4. Conclusions

The physical width of the 6.7 keV iron line in Cen X-3 has been measured for the first time out of X-ray eclipse. The blending of several lines from highly ionized iron must be invoked to explain the width of this line if it originates in the extended stellar wind. If this is in fact the case, ASCA should be able to easily resolve these lines. The presence of iron emission at 6.4 keV and 6.7 keV simultaneously indicates that there are at least two distinct emission sites. Fluorescence in a localized region of relatively low ionization is most likely responsible for the 6.4 keV emission. The broad 6.7 keV feature is a blend of several narrow lines due to the scattering of radiation from the neutron star in an extended highly ionized stellar wind. One would then expect to observe pulsations in the 6.4 keV line. If the size of the source of the 6.7 keV emission feature is greater than $\sim$ 8 x 10¹¹ cm, as the Ginga observations indicate, any pulsations in the 6.7 keV line should be washed out by the light travel time across the source. Another objection to pulsations of the 7.6 keV line caused by illumination of the stellar wind by the beamed X-ray emission of the pulsar is that the pulse might be smeared out by the wind's finite recombination time. Nagase et al. (1992) estimated that the average electron density in the region where $\xi$ > 10³ was 5 x 10¹⁰$\le$n_e$\le$8 x 10¹¹ cm^-3. Using the fitted formulae of Arnaud and Raymond (1992) for the radiative recombination and dielectronic recombination coefficients ( $\alpha_{r}^{}$(T) and $\alpha_{di}^{}$(T), respectively), and assuming n_e = 10¹¹ cm^-3 and T = 10⁴ K, the recombination rate for Fe XXVI will be $$1/\tau_{\rm recomb}=(\alpha_r(T)+\alpha_{di}(T))n_e = 58.4\rm\ s^{-1}\,.$$
Thus Fe XXV that has been photoionized by the pulsar's beam will recombine on a timescale of $\tau_{\rm recomb}\approx0.02\rm\ s$
which is much shorter than the 4.8 s pulse period.
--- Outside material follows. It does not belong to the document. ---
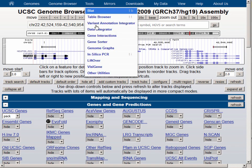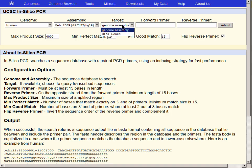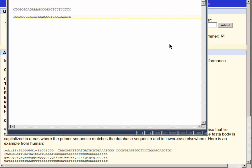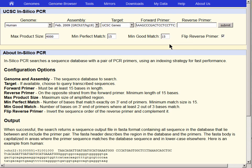Let's go back to the ISPCR tool and reset the target to UCSC Genes, which is the in-silico equivalent of having spliced mRNA as a template. We will paste the forward primer, still in our copy buffer, into the forward primer box. Then we'll go back to our text page, grab the reverse primer, paste the reverse primer into its box, and notice that the flip reverse primer checkbox is still selected. Then hit Submit.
Thus, the recombination time of Fe XXVI to Fe XXV should not significantly smear out any pulsation of the 6.7 keV line.

No significant variations with pulse phase in the intensity of either iron line were detected in the BBXRT data. The 90% confidence upper limit on the variation in line strength is 70%, which is consistent with with the detection reported by Day et al. (1993).